The technology of materials in Formula 1 has advanced at a fierce pace over the last decade, with specialist technicians required to truly design and manufacture a competitive Formula 1 car. Progress has been such that the sport’s rules have been amended to restrict the use of certain alloys in order to keep costs at an acceptable level.
But even given the rule restrictions, there is plenty of work to do for those at Panasonic Toyota Racing who are living in a material world. With over 100 different alloys available at the team’s factory in Cologne, Germany, the materials store is full of high-tech building blocks.
Of course, quality control is vital to ensure everything works as planned and the team demands high standards from every component, as Senior General Manager Engine Luca Marmorini explains: "We are using more than 100 different alloys, typically aluminium, titanium, copper, cobalt, tungsten are used. There is a standard, that is the aerospace standard but a lot of materials are developed with some suppliers and we can develop our own standards. Typically, if you have to mention a standard, it is aerospace standard."
The materials store has 360 square metres of space but stock levels are continually monitored and adjusted according to the Toyota Way principal of Just In Time, which means supply is closely linked to demand to eliminate excess stock.
Of course, with the variety of materials used by Panasonic Toyota Racing, the materials store is more than your traditional store room. Some of the materials require special storage, for example carbon fibres must be stored at -20°C.
Carbon fibre first appeared in Formula 1 in the 1980s and soon became the key to a successful car due to its lightness combined with great strength, as well as new possibilities to build different shaped components than previously possible. Carbon fibre has become so widespread in Formula 1 now that around 75% of a car is built from that material, including the safety cell which surrounds the driver.
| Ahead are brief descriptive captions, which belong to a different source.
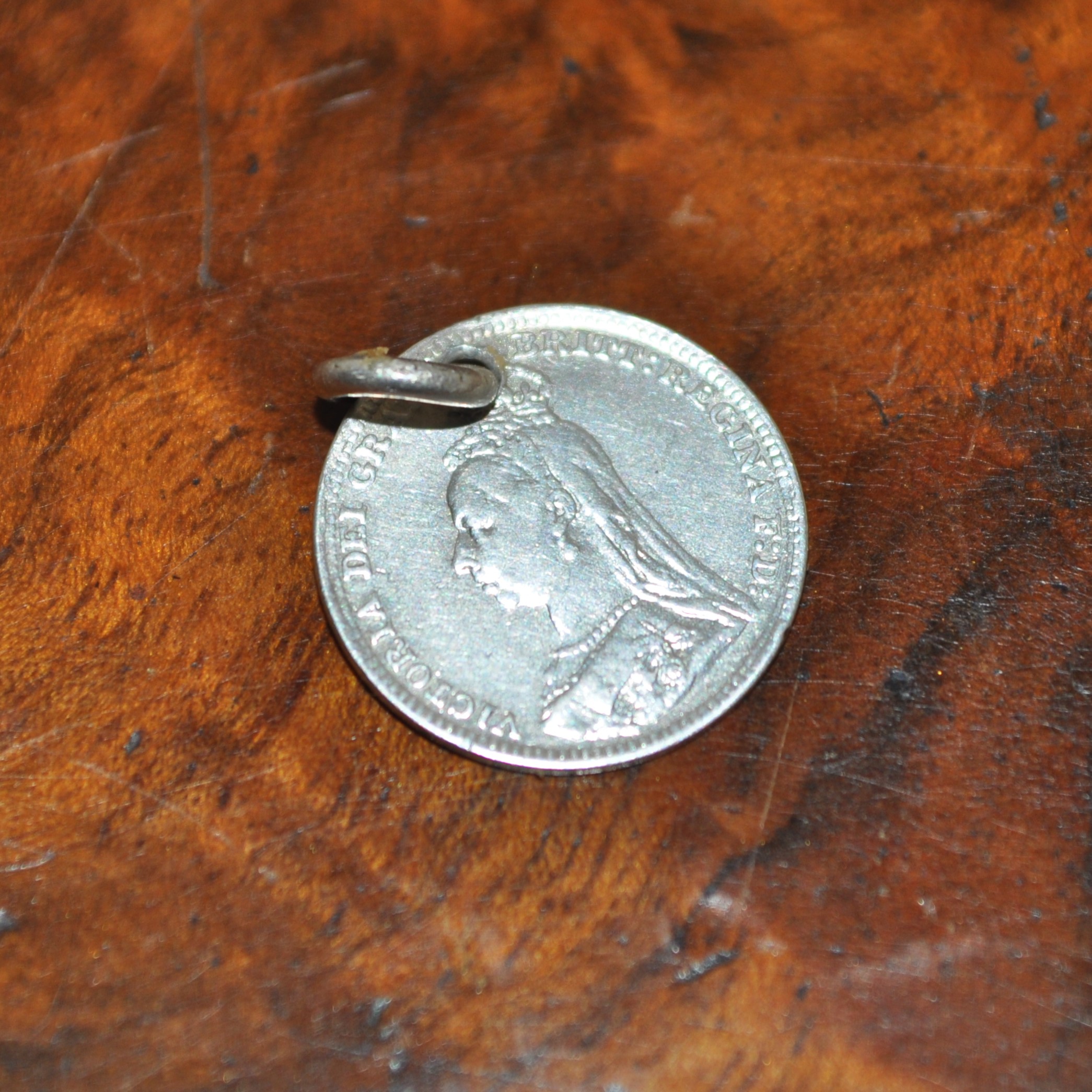 Antique Silver Charm "Pig" Sixpence Queen Victoria 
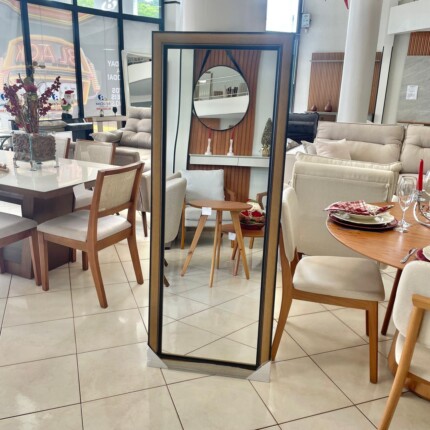 Espelho com Moldura 1,63m x 63cm Marrom e Preto (20) - Imagem 1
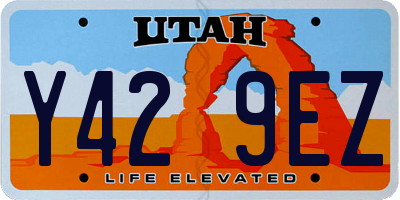 UT license plate Y429EZ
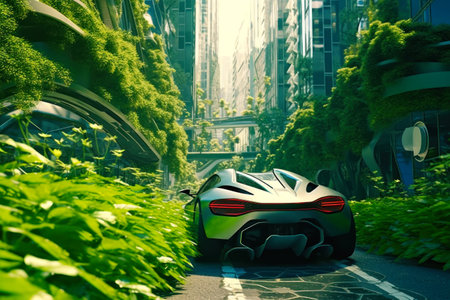 Racing car on the road in Hong Kong. 3D renderingの素材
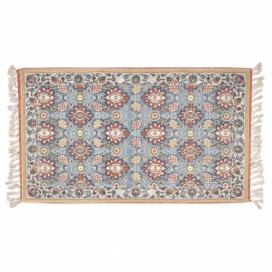 Modrý bavlněný koberec s ornamenty a třásněmi - 140*200 cm Clayre & Eef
The fabrication department is where the materials are transformed from basic elements to high-tech components for a Formula 1 car. Luca adds: "In the fabrication department, some very experienced, trained technicians are able to weld very difficult parts like the exhaust, and also apply some welding panels on a casted component.
"Together with this we have a lot of composite parts in the car and for this we are using carbon fibre compounds."
While new materials have been developed and added over the past few years, some have fallen out of use. For example, it is hard to imagine now that a wooden board was ever an essential component of a Formula 1 car, but when the ‘plank’ on the floor of the car was first introduced in 1994, to enforce a minimum ride height, wood was the chosen material.
The primary purpose of the ‘plank’ is to show when a car has run too low, which can be seen by wearing on the ‘plank’ itself. Wood was a good initial choice but the materials soon became more advanced says Luca: "In the past the ‘plank’ under the car was made of wood, now it is made from a composite material that is very light. The ‘plank’ of the car touches the ground so it has to be made from something that can be deformed."
Such major changes in materials are unusual in modern Formula 1 but gradual changes are regularly implemented as the team pursues its kaizen philosophy of continuous improvement. "We are not changing materials a lot, but we are developing them during the season. It is a continuous evolution, we are constantly developing materials to improve performance of future parts," adds Luca.
Formula 1 may now be focused on an evolution of materials, but a revolution has taken place in material usage since the first World Championship Formula 1 race in 1950.
As car design has advanced at pace, so too have the materials used to construct them – to the point now that a modern team needs a dedicated team of staff focused solely on material technology.
"The approach has completely changed," Luca says. "Fifty years ago no Formula 1 team had its own materials department but now we have a very advanced materials department and we can perform analysis in our own buildings. In the past every Formula 1 team relied on external labs to do mechanical calculations of material consistency. Now everything is done in house - you have to do it in house to have true quality standards."
And high standards are what Panasonic Toyota Racing is dedicated to achieving, not only in materials but in every aspect of the team.